Shares of AT&T, Inc. rose by 1.85% yesterday after Reuters reported that the communications company wants to bring connected car owners exclusive content “including video and games” streamed onto personal mobile devices this year.
AT&T is working with eight OEM partners, including General Motors Co, Audi AG and Ford Motor Co. The idea is to provide internet access in the car, offer free or paid content exclusively for owners of those cars, and sell more data.
GM is testing content via its OnStar system, which, until this point has been used to connect drivers and live operators for turn-by-turn directions or immediate help in the case of an accident or a health issue. “The subscription-based service, which also sells data to drivers, has special offers and some exclusive content on apps such as Famigo, an educational app for kids, and TumblebooksTV, a children’s digital books app. It also has retail partnerships with Dunkin’ Donuts and travel booking site Priceline.com for location-based deals,” reads the story from Reuters.
AT&T is developing specific landing pages where “users” — note that you’re being called a “user” now, not a “car owner” — can log in to access content, get vehicle service updates and buy data, said Penrose.
AT&T’s senior vice president of emerging devices Chris Penrose said, “It’s no different than being able to hook onto a Wi-Fi hotspot anywhere and get access to content you already subscribe to and get unique content that you could only get in the back of the vehicle.”
The trouble for AT&T and auto manufacturers is the “in the back of the vehicle” part. There’s nothing saying that the person driving the car won’t be playing those games or watching the videos, when they’re supposed to be operating the car.
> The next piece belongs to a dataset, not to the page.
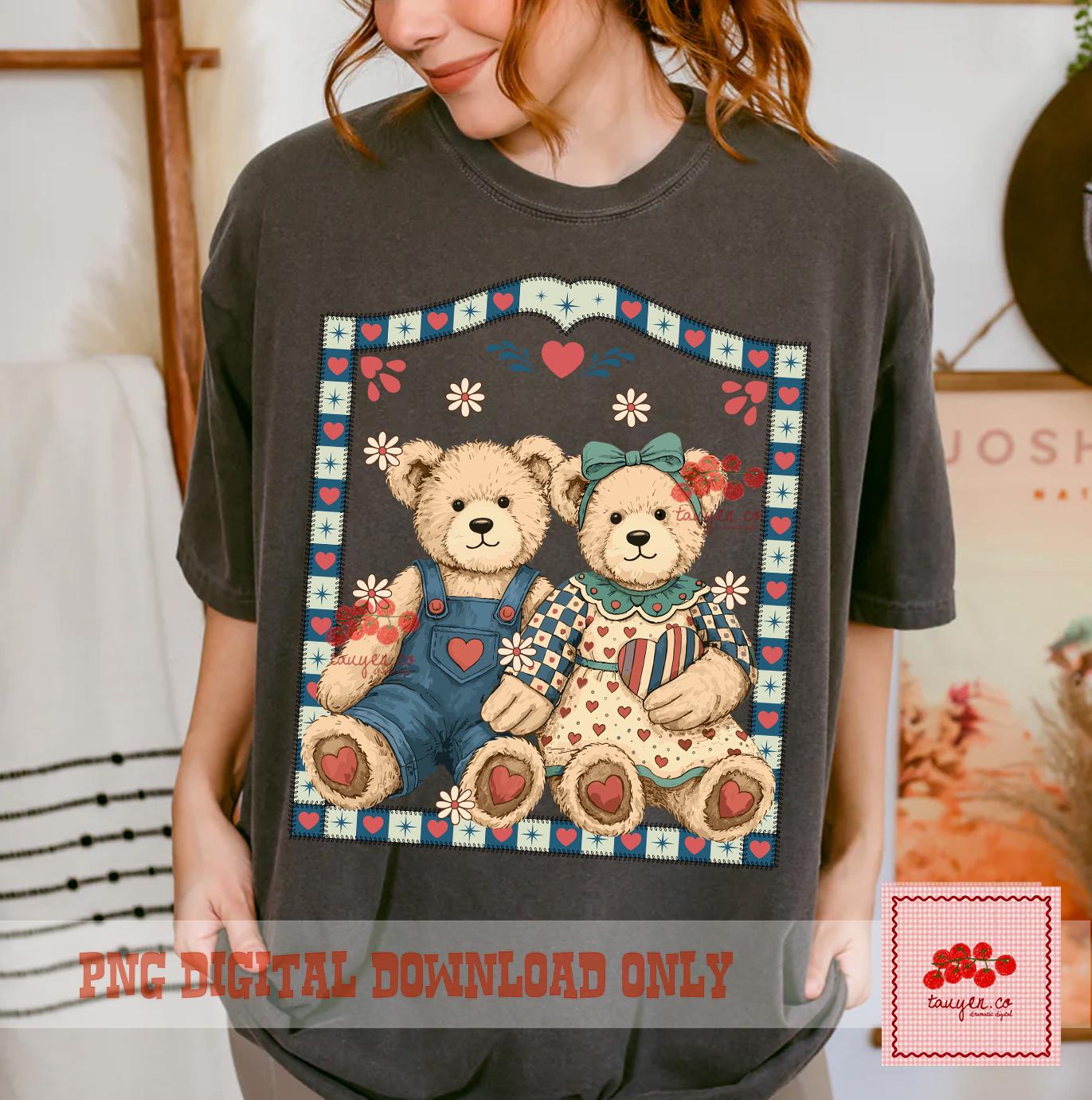 T-shirt Vintage 90s Teddy Bears - Taille L, Bleu, Coton, USA, Fruit Of The Loom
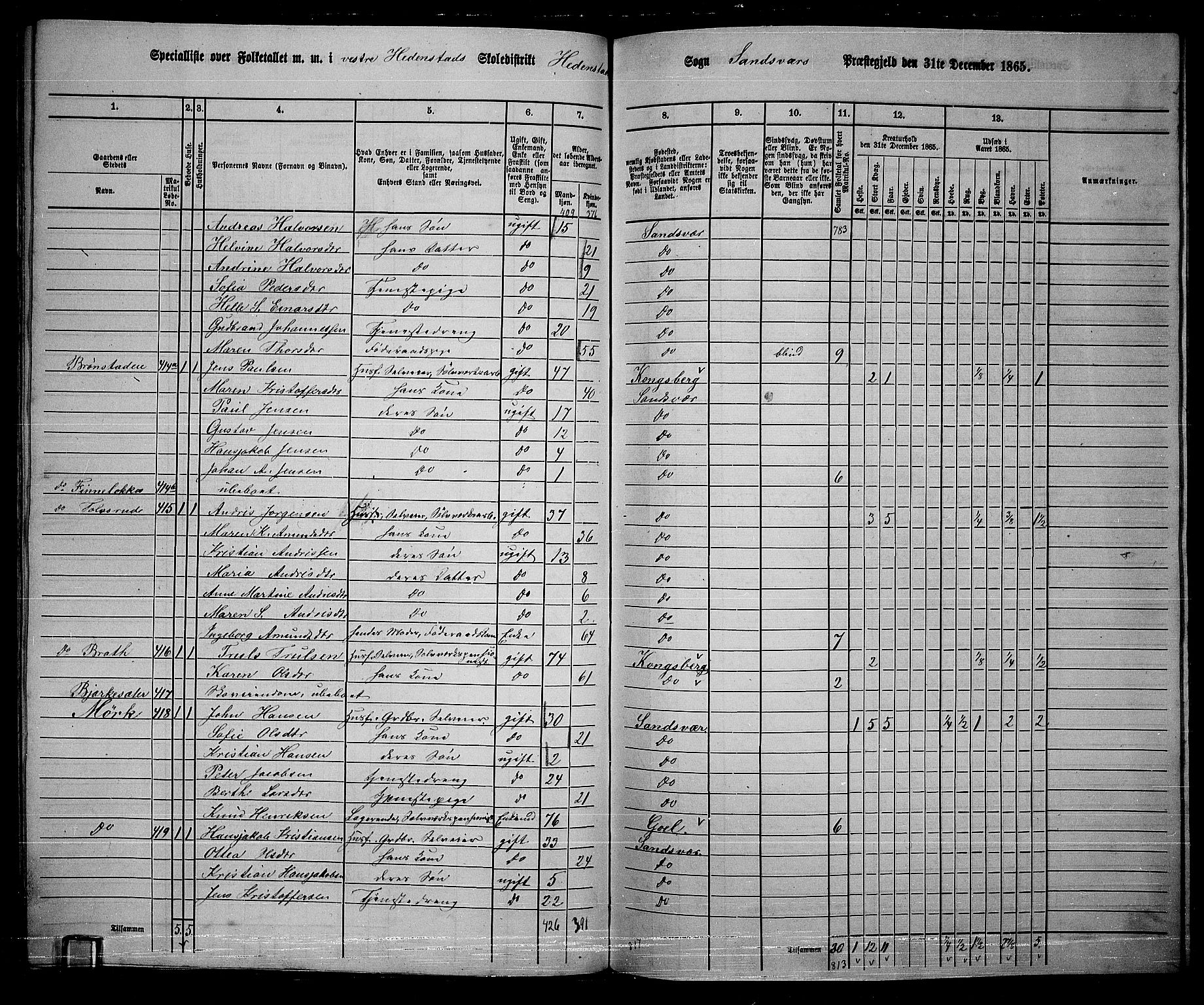 RA, 1865 census for Sandsvær, 1865, p. 148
There’s a distraction disconnect between what’s ok on a mobile device and what’s ok when operating an automobile. A recent series of AAA videos showed how teens managed to drive themselves off the road with nothing other than texting. Throw in a little exclusive Angry Birds and you can look forward to more of this in the future.
Relying on voice commands to navigate menus can reduce some distraction, says MIT’s Bryan Reimer and Bruce Mehler in a study from earlier in 2015, but it doesn’t eliminate distraction.
The promise of autonomous cars is that they will make driver distraction moot, since they will take over the driving functions, but the reality of autonomous cars is years in the future, and AT&T will begin delivering content by the end of the year.